**WHAT THE EXERCISE ASKS**
Give the data below again exactly as written, but without the pictures.

[Opening TASK INPUTS section]

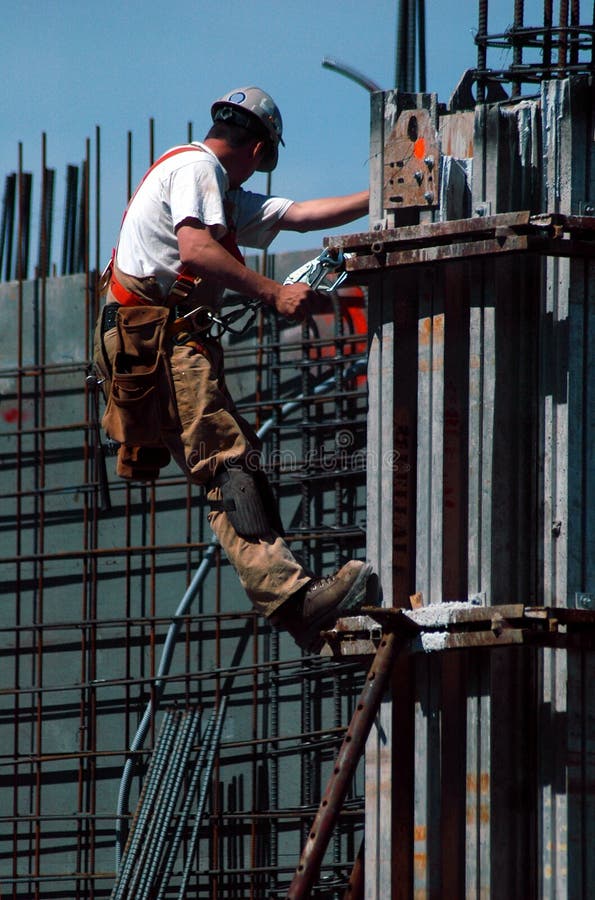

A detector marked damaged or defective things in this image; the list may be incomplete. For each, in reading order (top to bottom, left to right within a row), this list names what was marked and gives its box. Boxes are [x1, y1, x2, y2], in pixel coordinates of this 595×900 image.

rusty metal formwork [0, 125, 370, 892]
rusty metal formwork [332, 75, 592, 900]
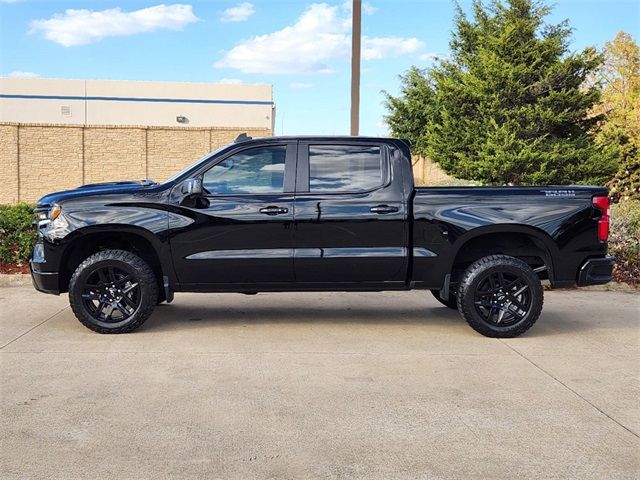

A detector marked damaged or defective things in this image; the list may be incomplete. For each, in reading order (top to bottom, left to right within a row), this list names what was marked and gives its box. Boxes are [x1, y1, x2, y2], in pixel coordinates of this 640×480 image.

pavement crack [0, 308, 68, 348]
pavement crack [502, 340, 636, 440]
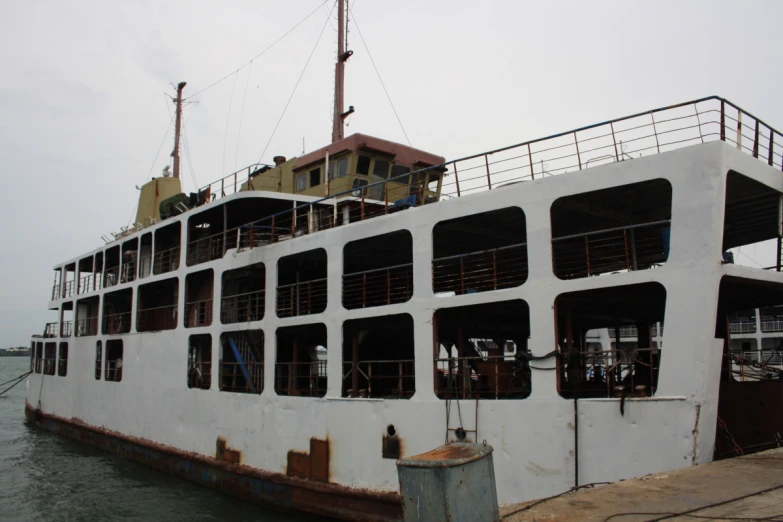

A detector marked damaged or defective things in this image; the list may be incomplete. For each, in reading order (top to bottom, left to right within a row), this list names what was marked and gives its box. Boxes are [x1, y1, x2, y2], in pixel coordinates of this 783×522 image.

rusty hull streak [26, 402, 402, 516]
rust stain [27, 402, 402, 520]
rust stain [216, 434, 240, 464]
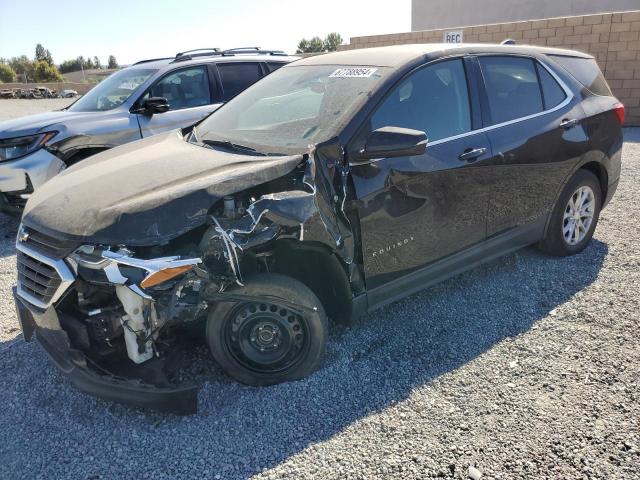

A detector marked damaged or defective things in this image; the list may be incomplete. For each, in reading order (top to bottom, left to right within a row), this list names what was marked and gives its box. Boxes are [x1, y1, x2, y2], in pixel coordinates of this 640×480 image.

crushed bumper [0, 150, 65, 214]
crumpled hood [0, 109, 105, 139]
crumpled hood [21, 131, 306, 246]
front end collision damage [20, 138, 362, 412]
damaged chevrolet equinox [15, 44, 624, 412]
crushed bumper [15, 294, 200, 414]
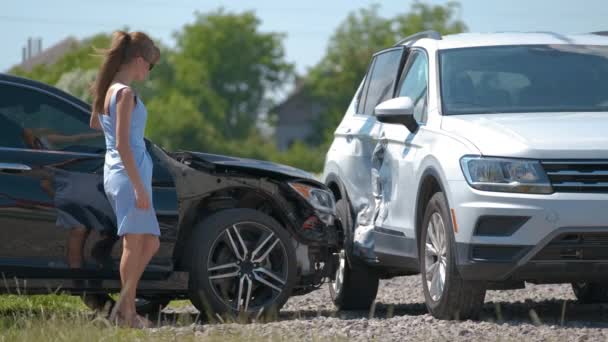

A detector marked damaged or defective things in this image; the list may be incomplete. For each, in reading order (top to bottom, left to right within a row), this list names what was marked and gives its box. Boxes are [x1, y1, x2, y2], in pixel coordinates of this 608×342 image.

damaged headlight [460, 156, 552, 194]
damaged headlight [288, 182, 334, 214]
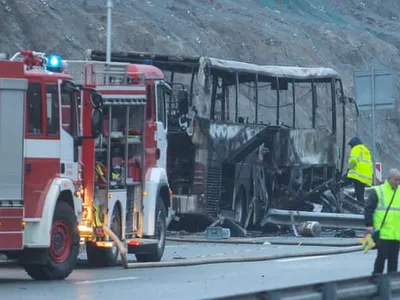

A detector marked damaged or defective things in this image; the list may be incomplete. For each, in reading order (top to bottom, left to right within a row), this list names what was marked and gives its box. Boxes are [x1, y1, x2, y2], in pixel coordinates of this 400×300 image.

burned bus [85, 51, 354, 230]
exposed bus chassis [86, 50, 358, 231]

[Closing TASK INPUTS section]

**RESULT**
A detector marked damaged or defective things in this image; the list may be incomplete. For each, in reading order (top to bottom, left to right within a row), this list names what was marked and gives its box. Boxes are [x1, y1, x2, y2], in pixel coordinates of this 595×900 image.

rusty metal formwork [0, 125, 370, 892]
rusty metal formwork [332, 75, 592, 900]

A detector marked damaged or defective things in this image; the list may be incomplete. For each, in reading order (top to bottom, left to right within a row), this list names what was marked and gives its box. Boxes are [x1, y1, x2, y2], in pixel coordinates of this 640×480 image.

pavement crack [0, 308, 68, 348]
pavement crack [502, 340, 636, 440]

A detector marked damaged or defective things in this image; the list may be incomplete. For each, in reading order (top to bottom, left to right within a row), this list names what was marked and gives its box. Boxes are [x1, y1, x2, y2], in pixel coordinates of this 783×522 image.

rusty hull streak [26, 402, 402, 516]
rust stain [27, 402, 402, 520]
rust stain [216, 434, 240, 464]

A detector marked damaged or defective things in this image; the list may be incomplete. For each, in reading order (top to bottom, left to right within a row), this list names what was marked and gives its box. Boxes are [x1, y1, x2, y2], in pixel coordinates of this 640×480 image.

crushed bumper [0, 150, 65, 214]
crumpled hood [0, 109, 105, 139]
crumpled hood [21, 131, 306, 246]
front end collision damage [20, 138, 362, 412]
damaged chevrolet equinox [15, 44, 624, 412]
crushed bumper [15, 294, 200, 414]

A detector marked damaged or defective things in this image; the list may be incomplete. For each, in reading order (top to bottom, left to right within a row), this list names what was marked and gives its box. Boxes are [x1, y1, x2, y2], in pixel coordinates of this 608×342 image.

damaged headlight [460, 156, 552, 194]
damaged headlight [288, 182, 334, 214]

A detector marked damaged or defective things in this image; the list may be incomplete. For each, in reading order (top to bottom, left to right within a row), this list names what was marked and gives its box. Boxes are [x1, y1, x2, y2], in pixel coordinates of this 400×300 image.

burned bus [85, 51, 354, 230]
exposed bus chassis [86, 50, 358, 231]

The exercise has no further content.